Each restricted stock unit of the Company (each, a “Company RSU”) that was outstanding immediately prior to the Effective Time was automatically, (i) if granted to a non-employee member of the Board, cancelled, thereby entitling the holder of such Company RSU to an amount in cash equal to (a) the number of shares of Company Class A Common Stock subject to such Company RSU immediately prior to the Effective Time multiplied by (b) the Merger Consideration, and (ii) if not granted to an individual described in clause (i), converted into a restricted stock unit denominated in shares of Parent Common Stock on the same terms and conditions as were applicable to such Company RSU, and with respect to a number of shares of Parent Common Stock determined by multiplying (1) the number of shares of Company Class A Common Stock subject to such Company RSU by (2) the Equity Award Exchange Ratio, and rounding the resulting number up to the nearest whole number of shares of Parent Common Stock.
The information in the Introductory Note above and in Item 3.03, Item 5.01, Item 5.02 and Item 5.03 of this Current Report on Form 8-K is incorporated by reference in this Item 2.01. The foregoing description of the Merger Agreement and the transactions contemplated thereby is not complete and is subject to and qualified in its entirety by reference to the full text of the Merger Agreement.
Item 3.01. Notice of Delisting or Failure to Satisfy a Continued Listing Rule or Standard; Transfer of Listing.
In connection with the consummation of the Merger, the Company requested that the Nasdaq Global Select Market (“Nasdaq”) halt trading of the shares of Company Class A Common Stock on Nasdaq effective as of 8:00 p.m.
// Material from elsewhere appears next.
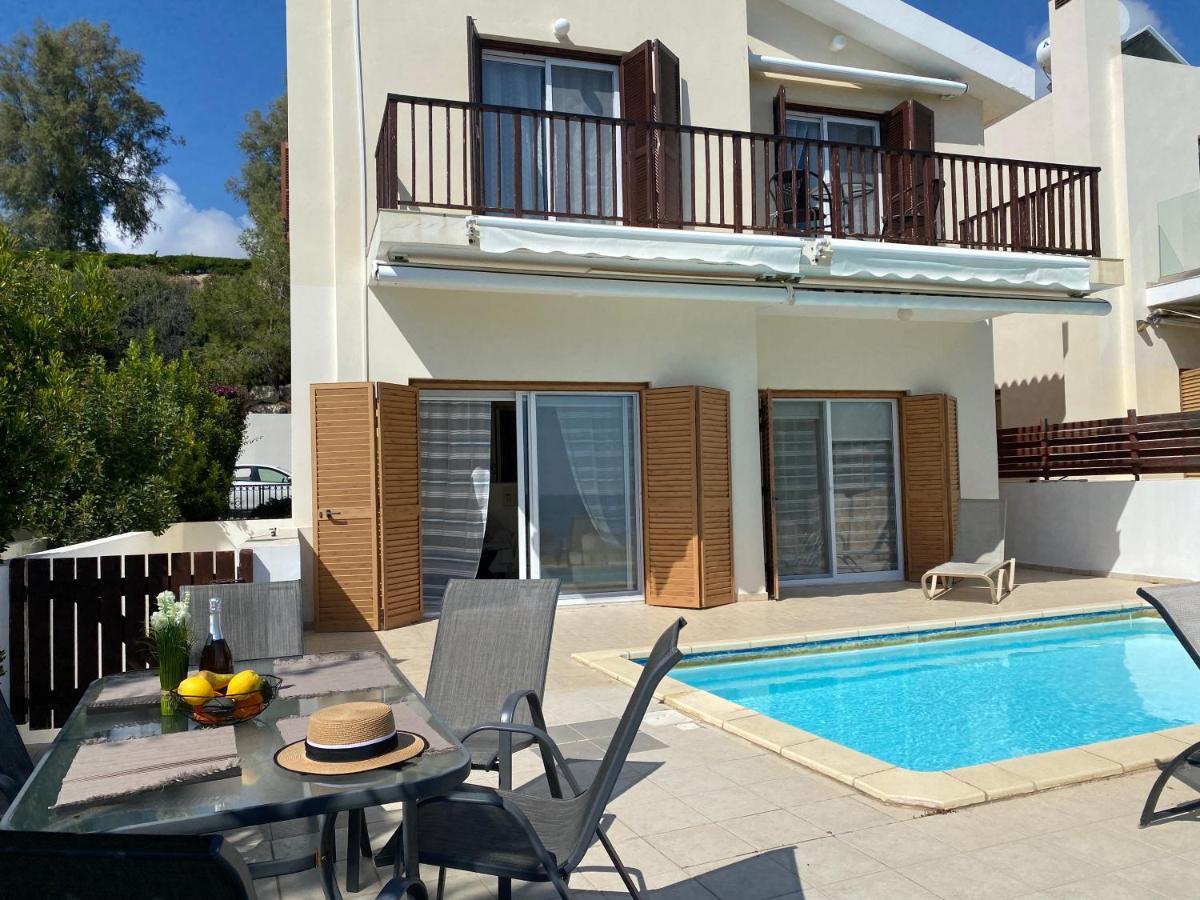 Amazing Front Line Villa In Coral Bay Peyia Exterior foto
Eastern Time on October 20, 2023. On October 23, 2023, prior to the opening of trading, the Company notified Nasdaq that the Merger had been completed and that the articles of merger with respect to the Merger had been filed with the Secretary of State of the State of Nevada, and as a result Nasdaq will permanently suspend trading of the shares of Company Class A Common Stock on Nasdaq on October 23, 2023. The Company also requested that Nasdaq file with the SEC a notification of removal from listing and registration on Form 25 to effect the delisting of all shares of Company Class A Common Stock from Nasdaq and deregistration of such shares under Section 12(b) of the Securities Exchange Act of 1934, as amended (the “Exchange Act”). As a result, shares of Company Class A Common Stock will no longer be listed on Nasdaq. In addition, the Company intends to file a certification on Form 15 with the SEC requesting the termination of registration of all shares of Company Class A Common Stock under Section 12(g) of the Exchange Act and the suspension of the Company’s reporting obligations under Section 15(d) of the Exchange Act with respect to all shares of Company Class A Common Stock.
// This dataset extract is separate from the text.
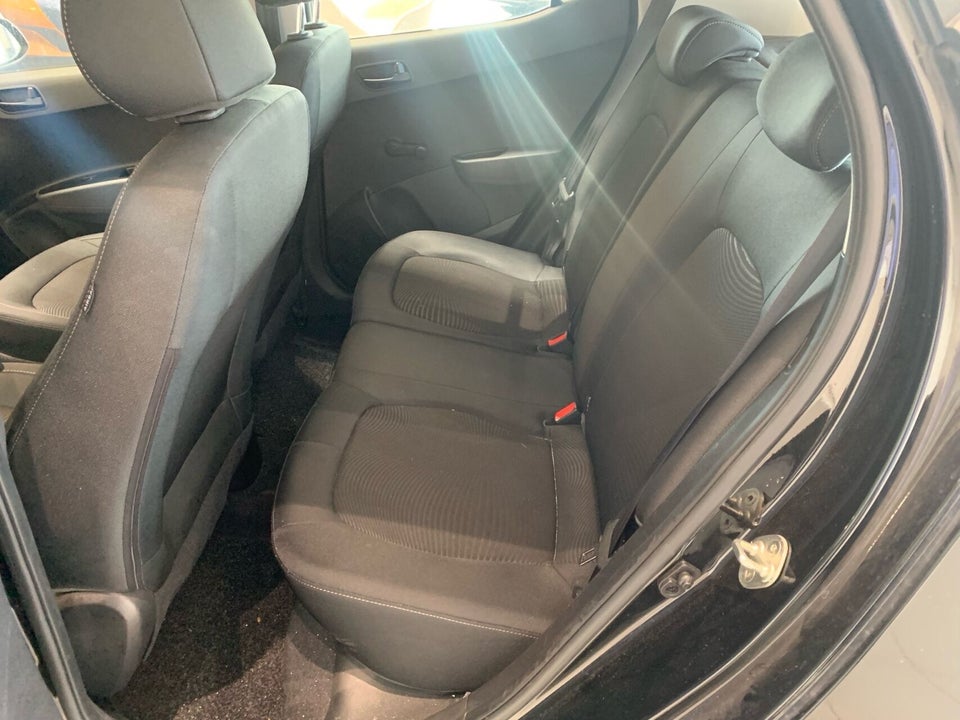 Hyundai i10 1,0 Spring Komfort 5d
The information in the Introductory Note above and in Item 2.01 and Item 3.03 of this Current Report on Form 8-K is incorporated by reference into this Item 3.01.
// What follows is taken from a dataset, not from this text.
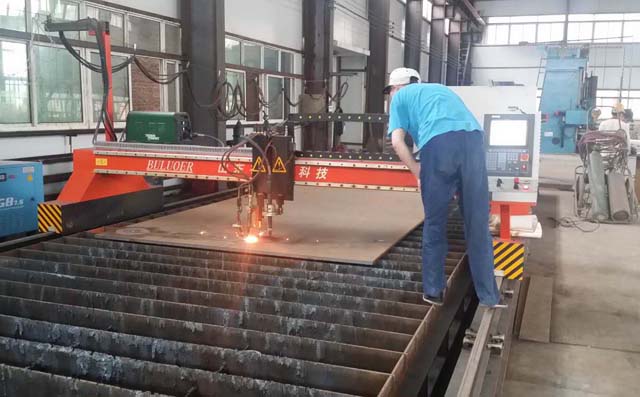 數(shù)控切割機的順切割和逆切割 數(shù)控切割機的順切割和逆切割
Item 3.03. Material Modification to Rights of Security Holders.
Pursuant to the Merger Agreement and in connection with the consummation of the Merger, each share of Company Class A Common Stock (except as described in Item 2.01 above) was canceled and automatically converted into the right to receive the Merger Consideration.
The information in the Introductory Note above and in Item 2.01, Item 3.01, Item 5.01 and Item 5.03 of this Current Report on Form 8-K is incorporated by reference into this Item 3.03. The foregoing description of the Merger Agreement and the transactions contemplated thereby is not complete and is subject to and qualified in its entirety by reference to the full text of the Merger Agreement.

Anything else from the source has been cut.